Neste capítulo, Halbwachs tratará sobre o espaço e a relação com a memória coletiva. O
espaço é uma realidade que dura. Todo grupo e atividade coletiva tem relação com o
lugar. O autor aponta que o espaço não corresponde necessariamente à suas
características físicas. O espaço está atravessado pelas impressões dos variados grupos
que fazemos parte.
Nesse tópico, o sociólogo francês tratará sobre o espaço jurídico com ênfase no direito à
propriedade. Ele argumenta que um homem só adquire o estatuto jurídico de direito à
uma propriedade a partir do momento que a sociedade reconhece uma relação
permanente entre ele e essa terra/coisa. A memória coletiva, nesse caso, apoia a
permanência do espaço, pois é através dela que se pode evocar a lembrança do grupo
que aponta para um direito. O espaço jurídico é um espaço que permite à memória
coletiva localizar a lembrança dos direitos. Seja por meio de uma escritura, demarcação
de terras ou o hábito de morar. Para exemplificar o espaço jurídico que evoca
lembranças de direitos ou deveres o autor fala sobre a questão dos escravizados ou
devedores. Existiam espaços em que remetiam a lembrança da condição de cativo da
mesma forma que existem espaços que remetem a lembrança da condição de devedor.
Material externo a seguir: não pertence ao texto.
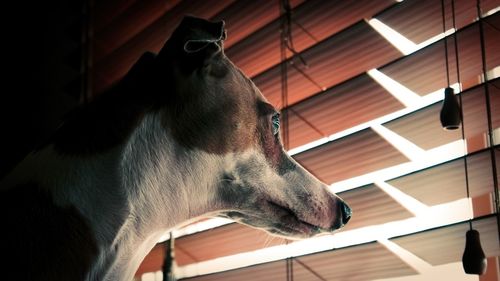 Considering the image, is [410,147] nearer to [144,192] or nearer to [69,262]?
[144,192]

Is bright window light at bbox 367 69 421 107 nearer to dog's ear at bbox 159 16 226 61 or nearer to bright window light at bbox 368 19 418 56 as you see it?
bright window light at bbox 368 19 418 56

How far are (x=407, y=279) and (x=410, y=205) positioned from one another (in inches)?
6.5

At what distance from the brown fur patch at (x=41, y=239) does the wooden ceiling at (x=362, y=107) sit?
685 millimetres

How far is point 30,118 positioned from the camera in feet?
9.06

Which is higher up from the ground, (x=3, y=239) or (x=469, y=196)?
(x=469, y=196)

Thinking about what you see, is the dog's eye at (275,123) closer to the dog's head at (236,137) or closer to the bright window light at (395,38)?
the dog's head at (236,137)

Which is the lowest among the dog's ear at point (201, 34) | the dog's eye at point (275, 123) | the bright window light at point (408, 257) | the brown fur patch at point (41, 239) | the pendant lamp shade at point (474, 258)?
the brown fur patch at point (41, 239)

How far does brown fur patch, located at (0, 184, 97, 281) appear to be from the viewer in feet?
2.81

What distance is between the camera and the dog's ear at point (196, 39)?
3.15ft

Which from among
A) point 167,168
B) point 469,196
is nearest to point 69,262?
point 167,168

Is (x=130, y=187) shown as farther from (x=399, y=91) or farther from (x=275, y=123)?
(x=399, y=91)

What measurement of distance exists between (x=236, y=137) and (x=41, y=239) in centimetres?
32

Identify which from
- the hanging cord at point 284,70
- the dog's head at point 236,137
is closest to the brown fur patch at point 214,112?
the dog's head at point 236,137

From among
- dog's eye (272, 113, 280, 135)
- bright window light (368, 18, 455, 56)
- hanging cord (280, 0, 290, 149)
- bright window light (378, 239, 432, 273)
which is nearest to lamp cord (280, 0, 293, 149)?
hanging cord (280, 0, 290, 149)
Halbwachs argumenta que a vida econômica se baseia sobre a tabela dos preços
anteriores e, pelo menos, sobre o ultimo preço. O autor questiona de que modo a
imagem do objeto evocaria a lembrança do preço. Ele explica que os preços decorrem
de opiniões sociais em suspensão no pensamento do grupo e não da qualidade física dos
objetos. Não é o espaço ocupado pelos objetos, mas os lugares onde se formam essas
opiniões sobre o valor das coisas e onde se transmite a lembrança dos preços que podem
servir de suporte à memória econômica.
O autor afirma que a separação fundamental entre o mundo sagrado e o mundo profano
se localiza no espaço. Uma igreja, um cemitério ou qualquer outro lugar que evoque o
sagrado religioso, fará com que o “cristão” encontre lá um estado de espírito que já teve
experiência e com outros fiéis, irá reconstruir pensamentos e lembranças comuns que
também foram formados por pessoas antigas nesse mesmo lugar.